Many-one reducibility formalizes the common procedure in formal language theory and the theory of computation of reducing one problem to another to show that a particular theorem applies to them both. In symbols, we say two sets A and B are many-one reducible by saying A ≤M B. This means that there must exist some total recursive function f:A → B such that if x is in A if and only if f(x) is in B. This relation is clearly reflexive (a set is obviously many-one reducible to itself) and transitive (by composing the total recursive functions together), but not symmetric (as an inverse for f might not in general exist).

Many theorems exist that use many-one reduction as a key element. For instance, if we have some set A that is many-one reducible to a recursive set, then A must itself be recursive. Similarly if A ≤M B, with B being a recursively enumerable set, then A must also be r.e. This is very useful in proving certain sets decidable or undecidable.
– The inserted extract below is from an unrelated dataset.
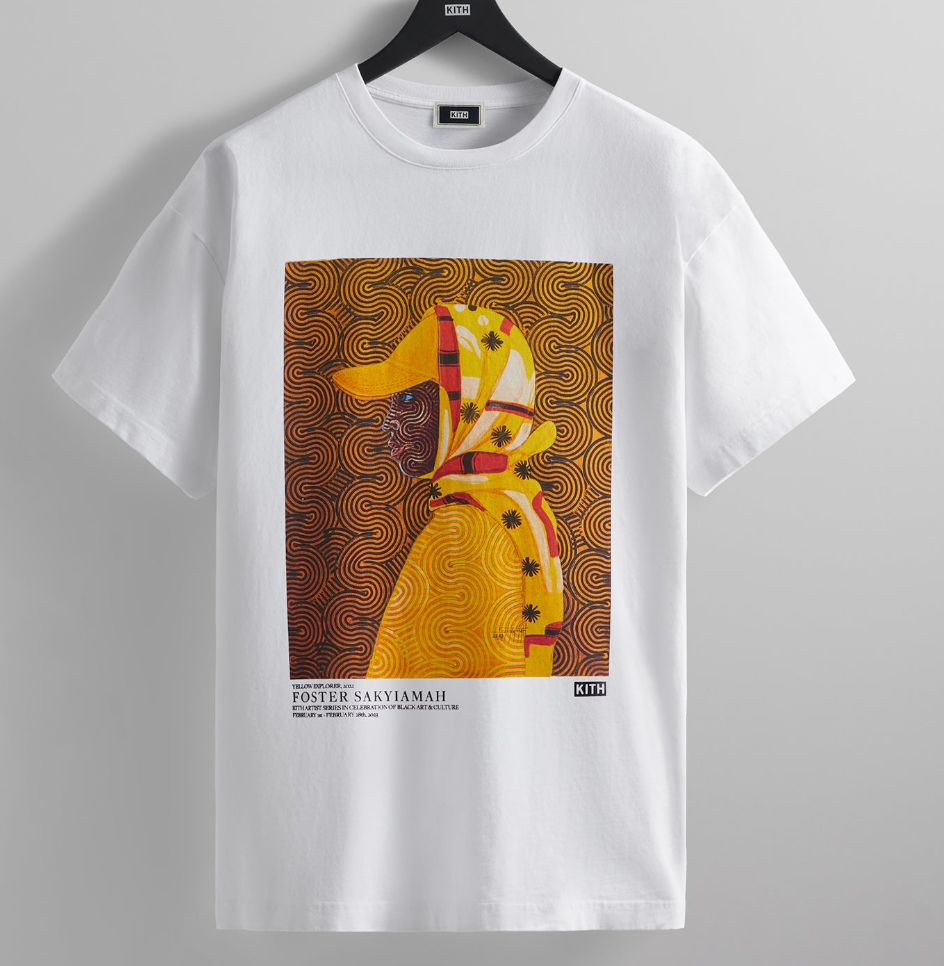 Kith for Foster Sakyiamah Gallery Tee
This notion is extended in complexity theory with the idea of polynomial time many-one reducibility. It is the same as plain many-one reducibility, with the additional restriction that the total recursive function in the definition must be computable by some deterministic Turing machine that runs in polynomial time. This idea plays a key role in the theory of NP-complete problems, as it figures prominently in the formal definition of NP-completeness. A formal language/problem is said to be NP-complete if it is in NP and also is polynomial-time many-one reducible to any other problem in NP (that is it is NP-hard).